The Winter quarter at DePaul started on January 4th, so I’m more than two weeks into a new term. The start of a new term always involves a ramp-up of activities, and one of the things that occupies me is the collection of Academic Integrity pledges from my students. As I explained in a previous post, plagiarism and cheating are common in the introductory Python courses I teach for a variety of reasons. One of the things I do to try to prevent violations of the Academic Integrity policy is to have students read and sign a detailed two-page document describing what kinds of resources and collaboration they are allowed to use and do in the course. They sign the pledge to attest to an understanding of and agreement with the policy. That combined with a first-week quiz on the policy are aimed at making sure that they are aware of expectations.

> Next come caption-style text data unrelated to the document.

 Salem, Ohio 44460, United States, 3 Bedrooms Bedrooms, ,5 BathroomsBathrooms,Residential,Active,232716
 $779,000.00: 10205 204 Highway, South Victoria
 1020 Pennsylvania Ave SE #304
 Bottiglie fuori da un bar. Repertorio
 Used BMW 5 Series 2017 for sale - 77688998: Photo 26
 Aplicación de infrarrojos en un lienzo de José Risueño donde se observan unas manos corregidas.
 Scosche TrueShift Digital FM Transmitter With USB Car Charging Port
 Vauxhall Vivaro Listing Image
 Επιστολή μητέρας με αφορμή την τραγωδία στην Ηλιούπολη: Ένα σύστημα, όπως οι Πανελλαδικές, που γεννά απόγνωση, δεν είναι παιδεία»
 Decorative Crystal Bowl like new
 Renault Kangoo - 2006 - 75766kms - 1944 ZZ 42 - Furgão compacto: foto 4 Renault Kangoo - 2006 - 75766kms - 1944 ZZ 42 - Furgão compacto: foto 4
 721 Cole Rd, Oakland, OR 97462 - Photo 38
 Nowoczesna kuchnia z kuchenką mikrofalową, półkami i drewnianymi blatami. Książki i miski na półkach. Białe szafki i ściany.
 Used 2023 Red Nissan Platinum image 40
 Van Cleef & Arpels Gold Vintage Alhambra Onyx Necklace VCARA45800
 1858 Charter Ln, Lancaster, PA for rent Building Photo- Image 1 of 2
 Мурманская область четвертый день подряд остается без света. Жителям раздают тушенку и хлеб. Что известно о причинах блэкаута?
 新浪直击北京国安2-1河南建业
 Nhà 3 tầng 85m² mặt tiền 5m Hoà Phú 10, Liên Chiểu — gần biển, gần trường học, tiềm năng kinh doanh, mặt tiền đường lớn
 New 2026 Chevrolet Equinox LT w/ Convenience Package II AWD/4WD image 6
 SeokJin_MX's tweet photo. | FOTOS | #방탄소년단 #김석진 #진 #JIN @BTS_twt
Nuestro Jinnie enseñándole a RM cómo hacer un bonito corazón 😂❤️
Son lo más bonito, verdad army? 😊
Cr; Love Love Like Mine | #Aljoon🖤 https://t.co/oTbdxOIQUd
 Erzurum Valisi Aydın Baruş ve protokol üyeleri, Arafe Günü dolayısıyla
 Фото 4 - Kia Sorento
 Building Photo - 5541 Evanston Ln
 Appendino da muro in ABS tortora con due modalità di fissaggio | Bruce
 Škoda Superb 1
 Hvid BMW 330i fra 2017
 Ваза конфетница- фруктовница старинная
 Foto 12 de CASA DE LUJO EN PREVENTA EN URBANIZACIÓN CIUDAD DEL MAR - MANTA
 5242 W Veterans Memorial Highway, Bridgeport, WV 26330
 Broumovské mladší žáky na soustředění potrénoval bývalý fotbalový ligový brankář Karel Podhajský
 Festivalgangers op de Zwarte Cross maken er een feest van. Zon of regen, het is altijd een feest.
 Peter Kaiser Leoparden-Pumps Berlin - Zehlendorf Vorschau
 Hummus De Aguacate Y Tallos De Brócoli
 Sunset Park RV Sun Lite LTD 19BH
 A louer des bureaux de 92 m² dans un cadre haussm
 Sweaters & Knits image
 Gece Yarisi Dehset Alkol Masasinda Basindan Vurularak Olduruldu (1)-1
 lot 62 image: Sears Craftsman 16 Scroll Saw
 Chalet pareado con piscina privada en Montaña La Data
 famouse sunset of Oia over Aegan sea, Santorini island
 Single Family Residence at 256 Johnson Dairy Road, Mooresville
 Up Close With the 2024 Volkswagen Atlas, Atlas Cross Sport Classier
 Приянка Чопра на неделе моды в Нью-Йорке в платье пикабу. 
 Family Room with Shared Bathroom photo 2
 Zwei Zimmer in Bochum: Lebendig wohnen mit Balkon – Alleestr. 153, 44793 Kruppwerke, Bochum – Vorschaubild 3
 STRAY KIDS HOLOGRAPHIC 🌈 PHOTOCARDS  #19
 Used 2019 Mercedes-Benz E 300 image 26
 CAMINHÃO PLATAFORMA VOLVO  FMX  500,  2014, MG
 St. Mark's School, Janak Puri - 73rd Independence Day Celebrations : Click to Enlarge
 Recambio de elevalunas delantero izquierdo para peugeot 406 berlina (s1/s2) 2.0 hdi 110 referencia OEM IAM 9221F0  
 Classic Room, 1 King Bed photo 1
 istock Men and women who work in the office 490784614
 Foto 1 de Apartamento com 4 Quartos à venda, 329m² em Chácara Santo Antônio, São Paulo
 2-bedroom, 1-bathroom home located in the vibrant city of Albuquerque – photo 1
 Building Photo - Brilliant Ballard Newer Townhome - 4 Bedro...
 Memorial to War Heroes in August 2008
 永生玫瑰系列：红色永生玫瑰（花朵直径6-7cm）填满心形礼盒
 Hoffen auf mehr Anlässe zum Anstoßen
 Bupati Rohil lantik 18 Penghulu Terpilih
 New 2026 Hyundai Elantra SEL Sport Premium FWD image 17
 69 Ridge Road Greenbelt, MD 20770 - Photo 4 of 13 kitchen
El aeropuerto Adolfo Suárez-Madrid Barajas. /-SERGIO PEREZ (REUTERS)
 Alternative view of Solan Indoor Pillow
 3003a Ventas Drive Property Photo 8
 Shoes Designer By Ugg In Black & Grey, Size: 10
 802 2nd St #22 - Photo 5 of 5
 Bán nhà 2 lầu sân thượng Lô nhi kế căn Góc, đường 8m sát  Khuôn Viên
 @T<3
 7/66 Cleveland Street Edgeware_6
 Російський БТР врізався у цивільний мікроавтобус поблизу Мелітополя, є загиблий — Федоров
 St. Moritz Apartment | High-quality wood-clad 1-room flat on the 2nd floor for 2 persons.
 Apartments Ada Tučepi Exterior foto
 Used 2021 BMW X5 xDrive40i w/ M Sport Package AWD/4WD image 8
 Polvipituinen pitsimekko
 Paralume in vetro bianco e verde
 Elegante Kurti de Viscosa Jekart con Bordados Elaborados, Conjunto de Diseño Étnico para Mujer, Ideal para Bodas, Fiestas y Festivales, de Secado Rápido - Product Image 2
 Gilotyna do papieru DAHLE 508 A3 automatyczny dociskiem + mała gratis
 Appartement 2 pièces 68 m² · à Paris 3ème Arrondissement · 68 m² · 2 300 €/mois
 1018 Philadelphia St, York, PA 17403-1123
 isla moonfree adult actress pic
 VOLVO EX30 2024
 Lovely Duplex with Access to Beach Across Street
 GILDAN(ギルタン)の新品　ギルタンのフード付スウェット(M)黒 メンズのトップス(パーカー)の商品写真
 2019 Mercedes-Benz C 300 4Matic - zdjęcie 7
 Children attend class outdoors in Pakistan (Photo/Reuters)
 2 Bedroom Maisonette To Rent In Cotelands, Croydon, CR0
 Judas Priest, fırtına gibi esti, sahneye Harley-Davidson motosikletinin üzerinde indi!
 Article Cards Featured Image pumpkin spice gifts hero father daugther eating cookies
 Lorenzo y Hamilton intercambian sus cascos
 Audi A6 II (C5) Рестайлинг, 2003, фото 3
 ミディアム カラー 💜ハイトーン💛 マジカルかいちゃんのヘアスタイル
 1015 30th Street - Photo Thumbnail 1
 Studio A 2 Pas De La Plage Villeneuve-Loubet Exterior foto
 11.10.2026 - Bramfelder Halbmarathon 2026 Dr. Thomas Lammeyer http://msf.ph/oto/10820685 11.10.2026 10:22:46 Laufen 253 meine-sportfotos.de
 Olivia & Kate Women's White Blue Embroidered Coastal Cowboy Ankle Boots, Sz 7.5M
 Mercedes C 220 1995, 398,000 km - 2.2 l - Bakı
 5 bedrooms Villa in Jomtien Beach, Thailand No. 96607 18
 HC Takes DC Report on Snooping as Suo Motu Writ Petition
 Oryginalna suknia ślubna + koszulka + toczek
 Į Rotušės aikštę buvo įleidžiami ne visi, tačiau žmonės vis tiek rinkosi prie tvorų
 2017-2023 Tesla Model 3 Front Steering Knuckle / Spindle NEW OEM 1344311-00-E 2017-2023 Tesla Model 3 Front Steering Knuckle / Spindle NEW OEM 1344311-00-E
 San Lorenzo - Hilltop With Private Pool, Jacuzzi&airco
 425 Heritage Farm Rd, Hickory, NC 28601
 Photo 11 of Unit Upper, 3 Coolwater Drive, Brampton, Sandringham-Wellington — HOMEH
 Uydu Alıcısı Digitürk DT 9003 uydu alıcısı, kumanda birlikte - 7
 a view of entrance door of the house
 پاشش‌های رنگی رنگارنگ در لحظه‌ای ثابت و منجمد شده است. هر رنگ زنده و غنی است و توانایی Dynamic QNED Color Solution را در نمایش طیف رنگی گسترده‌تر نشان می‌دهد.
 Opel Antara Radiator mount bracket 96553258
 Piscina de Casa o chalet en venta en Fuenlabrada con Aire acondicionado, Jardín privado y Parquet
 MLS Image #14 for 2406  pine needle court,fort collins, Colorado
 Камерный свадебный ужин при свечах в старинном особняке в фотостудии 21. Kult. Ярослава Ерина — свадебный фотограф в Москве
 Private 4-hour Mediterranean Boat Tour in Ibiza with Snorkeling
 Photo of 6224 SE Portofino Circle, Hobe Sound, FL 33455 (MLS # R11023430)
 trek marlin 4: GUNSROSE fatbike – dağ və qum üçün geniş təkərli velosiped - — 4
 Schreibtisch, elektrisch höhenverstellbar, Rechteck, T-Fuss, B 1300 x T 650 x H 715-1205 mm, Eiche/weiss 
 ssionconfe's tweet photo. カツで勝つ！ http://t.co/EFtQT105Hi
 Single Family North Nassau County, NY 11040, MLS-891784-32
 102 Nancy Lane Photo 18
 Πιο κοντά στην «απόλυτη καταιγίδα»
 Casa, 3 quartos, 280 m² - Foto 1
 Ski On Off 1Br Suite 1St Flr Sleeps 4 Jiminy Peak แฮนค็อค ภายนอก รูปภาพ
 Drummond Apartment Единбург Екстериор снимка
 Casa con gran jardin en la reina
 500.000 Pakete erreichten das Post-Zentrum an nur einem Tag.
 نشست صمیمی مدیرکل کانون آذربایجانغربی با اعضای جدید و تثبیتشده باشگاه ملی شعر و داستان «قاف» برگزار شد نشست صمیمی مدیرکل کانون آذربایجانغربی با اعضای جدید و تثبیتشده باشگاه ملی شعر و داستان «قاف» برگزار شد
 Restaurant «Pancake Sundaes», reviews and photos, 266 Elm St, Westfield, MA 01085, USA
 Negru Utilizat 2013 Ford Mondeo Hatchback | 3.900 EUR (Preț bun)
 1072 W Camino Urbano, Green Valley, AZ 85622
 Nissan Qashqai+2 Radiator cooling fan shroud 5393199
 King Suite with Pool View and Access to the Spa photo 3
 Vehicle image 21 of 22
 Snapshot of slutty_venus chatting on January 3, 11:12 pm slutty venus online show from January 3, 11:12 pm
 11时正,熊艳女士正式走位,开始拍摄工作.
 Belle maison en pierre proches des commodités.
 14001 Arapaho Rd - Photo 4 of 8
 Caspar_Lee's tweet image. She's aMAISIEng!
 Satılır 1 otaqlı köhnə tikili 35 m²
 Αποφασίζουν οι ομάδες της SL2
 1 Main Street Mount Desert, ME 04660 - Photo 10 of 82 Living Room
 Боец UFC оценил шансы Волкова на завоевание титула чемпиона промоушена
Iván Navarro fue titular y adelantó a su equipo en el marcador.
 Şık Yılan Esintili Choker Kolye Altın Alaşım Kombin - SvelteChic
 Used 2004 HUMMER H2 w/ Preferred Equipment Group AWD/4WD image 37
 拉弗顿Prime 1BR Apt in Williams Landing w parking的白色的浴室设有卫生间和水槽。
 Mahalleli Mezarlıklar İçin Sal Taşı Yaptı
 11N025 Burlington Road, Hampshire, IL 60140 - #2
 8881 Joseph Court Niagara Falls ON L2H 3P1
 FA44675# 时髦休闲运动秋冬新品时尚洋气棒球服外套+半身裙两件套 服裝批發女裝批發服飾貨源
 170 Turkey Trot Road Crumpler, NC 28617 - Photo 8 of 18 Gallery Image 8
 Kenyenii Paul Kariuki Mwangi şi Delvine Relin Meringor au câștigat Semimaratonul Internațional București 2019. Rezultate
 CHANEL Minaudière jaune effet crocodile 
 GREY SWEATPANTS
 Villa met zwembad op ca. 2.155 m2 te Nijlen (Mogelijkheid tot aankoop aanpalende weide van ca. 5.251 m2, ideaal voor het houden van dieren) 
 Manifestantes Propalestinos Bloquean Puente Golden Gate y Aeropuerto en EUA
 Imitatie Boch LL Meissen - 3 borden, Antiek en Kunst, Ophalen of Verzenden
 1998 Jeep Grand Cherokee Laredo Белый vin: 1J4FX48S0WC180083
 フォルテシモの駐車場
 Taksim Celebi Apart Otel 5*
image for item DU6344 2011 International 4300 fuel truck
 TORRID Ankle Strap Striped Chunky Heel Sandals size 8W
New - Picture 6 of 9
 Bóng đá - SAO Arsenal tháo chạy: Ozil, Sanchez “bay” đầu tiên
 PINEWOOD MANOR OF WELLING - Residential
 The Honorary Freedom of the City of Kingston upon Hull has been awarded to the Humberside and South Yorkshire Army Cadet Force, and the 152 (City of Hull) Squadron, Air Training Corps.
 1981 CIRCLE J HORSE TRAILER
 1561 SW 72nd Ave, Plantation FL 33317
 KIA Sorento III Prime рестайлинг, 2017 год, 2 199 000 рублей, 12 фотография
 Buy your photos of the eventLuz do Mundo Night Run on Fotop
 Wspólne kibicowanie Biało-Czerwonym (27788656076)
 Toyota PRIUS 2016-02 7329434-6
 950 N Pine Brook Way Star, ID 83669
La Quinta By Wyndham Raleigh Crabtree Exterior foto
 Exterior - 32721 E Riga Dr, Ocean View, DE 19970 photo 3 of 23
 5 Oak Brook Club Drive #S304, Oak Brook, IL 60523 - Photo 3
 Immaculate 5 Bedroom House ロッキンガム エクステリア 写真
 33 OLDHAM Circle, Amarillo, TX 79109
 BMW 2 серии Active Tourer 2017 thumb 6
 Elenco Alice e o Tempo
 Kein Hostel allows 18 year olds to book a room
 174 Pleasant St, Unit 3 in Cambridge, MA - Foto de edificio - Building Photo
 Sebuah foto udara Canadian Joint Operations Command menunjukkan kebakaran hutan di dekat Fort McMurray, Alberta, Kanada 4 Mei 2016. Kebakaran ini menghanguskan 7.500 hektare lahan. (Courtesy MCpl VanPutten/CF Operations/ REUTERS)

My pledge is well-known among my colleagues, one of whom recently sent me a link to a YouTube video entitled “Why Do We Lie?” It provides information about the extent of people’s propensity for lying, when and why they lie, and perhaps most interestingly for me, a description throughout of an experiment that was done exploring lying. In the experiment people were given a series of math problems which are relatively easy to solve. The catch was that they were given a lot of them and very little time to solve them. On the honor system they were asked to report the number of problems they correctly solved, with a monetary reward for each one they completed. People were made to believe that researchers wouldn’t know whether they lied or not, although the researchers could in fact determine that in retrospect. In the most basic experiment people reported having solved six problems on average when they had actually only solved four. Multiple variations of the experiment increased the amount of lying, whereas only one variation reduced lying. In the variant in which lying was reduced, the research team made the subjects promise not to cheat. The researchers concluded that the intervention of the conscious mind through the promise was enough to decrease lying.

Now I don’t have any illusions that my pledge is matching the experiment. For a start, the time between when students have to sign the pledge and when they complete the assignments is much greater than in the experiment. But I do find it interesting that I stumbled onto a solution to try to prevent cheating that actually has some evidence to support its effectiveness.